At the blue whole there was well over 70. Little blacknose
But on that dive about 13 -15 of them.


----------



## Frighteners Entertainment (Jan 24, 2006)

I'm in your photobucket right now.
Are you in any of pics?


----------



## gypsichic (Jun 6, 2006)

there's only one of me ............you should find it no problem............lol

i think its the only one i have in there


----------



## Frighteners Entertainment (Jan 24, 2006)

This mus be you?


----------



## gypsichic (Jun 6, 2006)

i just uploaded one of me and hubby in roatan 2004 album

we look no different now.......lol


----------



## gypsichic (Jun 6, 2006)

that would be me...........lol

our friend that took all these photos i've posted online in my roatan 2006 album got shots of all of us 

scuba is such a glamourous sport.........lol


----------



## Frighteners Entertainment (Jan 24, 2006)

No kidding, we all look our best!

At least you don't have green slim coming from your nose LOL

Well, at least until you're out of the water


----------



## gypsichic (Jun 6, 2006)

lmaoooooooooooooooo

we all have that lovely look from time to time
I try to remember to rinse asap when i surface so folks don't have to witness that.............lol


----------



## SpookyDude (Jun 27, 2006)

I used to dive and I lived in the tropics for close to ten years.

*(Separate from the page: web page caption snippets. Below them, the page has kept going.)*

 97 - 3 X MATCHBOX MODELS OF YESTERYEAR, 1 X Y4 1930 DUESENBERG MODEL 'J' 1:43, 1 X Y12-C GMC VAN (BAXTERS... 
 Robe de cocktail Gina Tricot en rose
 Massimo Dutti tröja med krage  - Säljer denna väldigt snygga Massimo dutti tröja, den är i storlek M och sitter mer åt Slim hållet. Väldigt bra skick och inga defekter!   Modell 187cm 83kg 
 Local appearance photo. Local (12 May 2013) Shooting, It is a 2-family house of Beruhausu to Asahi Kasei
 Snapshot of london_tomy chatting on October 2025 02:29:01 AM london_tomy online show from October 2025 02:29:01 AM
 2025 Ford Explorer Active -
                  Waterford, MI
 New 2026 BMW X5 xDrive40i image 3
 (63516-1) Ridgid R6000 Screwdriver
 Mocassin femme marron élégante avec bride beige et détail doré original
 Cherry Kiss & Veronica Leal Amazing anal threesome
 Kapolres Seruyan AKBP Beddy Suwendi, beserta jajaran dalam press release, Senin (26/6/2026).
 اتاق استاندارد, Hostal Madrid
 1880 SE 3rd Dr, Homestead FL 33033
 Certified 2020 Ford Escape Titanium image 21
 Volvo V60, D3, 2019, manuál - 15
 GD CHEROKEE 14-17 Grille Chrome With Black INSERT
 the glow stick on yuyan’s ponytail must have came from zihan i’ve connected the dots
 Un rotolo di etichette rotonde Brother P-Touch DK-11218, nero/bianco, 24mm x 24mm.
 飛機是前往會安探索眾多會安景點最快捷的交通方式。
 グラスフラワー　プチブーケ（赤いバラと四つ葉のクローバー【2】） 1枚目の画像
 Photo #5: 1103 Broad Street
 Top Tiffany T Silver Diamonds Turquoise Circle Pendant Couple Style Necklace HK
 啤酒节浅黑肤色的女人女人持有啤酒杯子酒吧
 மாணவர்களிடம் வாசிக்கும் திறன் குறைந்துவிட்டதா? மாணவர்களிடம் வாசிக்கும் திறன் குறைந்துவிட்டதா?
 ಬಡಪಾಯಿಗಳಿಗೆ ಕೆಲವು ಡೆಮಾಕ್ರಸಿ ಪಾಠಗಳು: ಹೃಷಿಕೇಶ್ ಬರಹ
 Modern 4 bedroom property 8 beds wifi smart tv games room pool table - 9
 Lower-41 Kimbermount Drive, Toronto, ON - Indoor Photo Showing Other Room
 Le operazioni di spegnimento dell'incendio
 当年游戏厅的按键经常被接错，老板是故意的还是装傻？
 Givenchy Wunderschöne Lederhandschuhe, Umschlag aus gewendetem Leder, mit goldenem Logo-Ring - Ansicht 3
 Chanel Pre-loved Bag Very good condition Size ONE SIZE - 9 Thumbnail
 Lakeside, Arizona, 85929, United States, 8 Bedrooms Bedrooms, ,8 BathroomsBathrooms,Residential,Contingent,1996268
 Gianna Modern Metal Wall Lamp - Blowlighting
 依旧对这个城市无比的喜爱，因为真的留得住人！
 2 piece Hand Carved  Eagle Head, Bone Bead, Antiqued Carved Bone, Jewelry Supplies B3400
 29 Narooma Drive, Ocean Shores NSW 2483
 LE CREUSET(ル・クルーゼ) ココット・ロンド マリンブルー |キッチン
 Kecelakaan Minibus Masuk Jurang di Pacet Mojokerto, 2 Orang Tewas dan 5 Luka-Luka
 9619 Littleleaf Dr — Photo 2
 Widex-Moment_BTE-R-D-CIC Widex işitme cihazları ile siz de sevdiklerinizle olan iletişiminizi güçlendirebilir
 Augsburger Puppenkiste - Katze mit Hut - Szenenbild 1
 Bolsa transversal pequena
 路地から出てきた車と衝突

However, while I was living on Paradise Island in the Bahamas, I had to stop scuba diving due to an inability to equalize my inner ear: I was subject to Inner Ear Squeezed and as a result of this, I suffered diminished hearing in both ears and my doctor told me to stop diving or else go deaf.

Needless to say this was quite upsetting but I continued to snorkel and although not nearly the same thrill level, I still got to see some incredible things with my most memorable moment was when I found myself surrounded by a school of giant Manta Rays in the Maldives 

Nice pictures!


----------



## Frighteners Entertainment (Jan 24, 2006)

Sorry to hear that.
And we did visit Paradise Island while we were there.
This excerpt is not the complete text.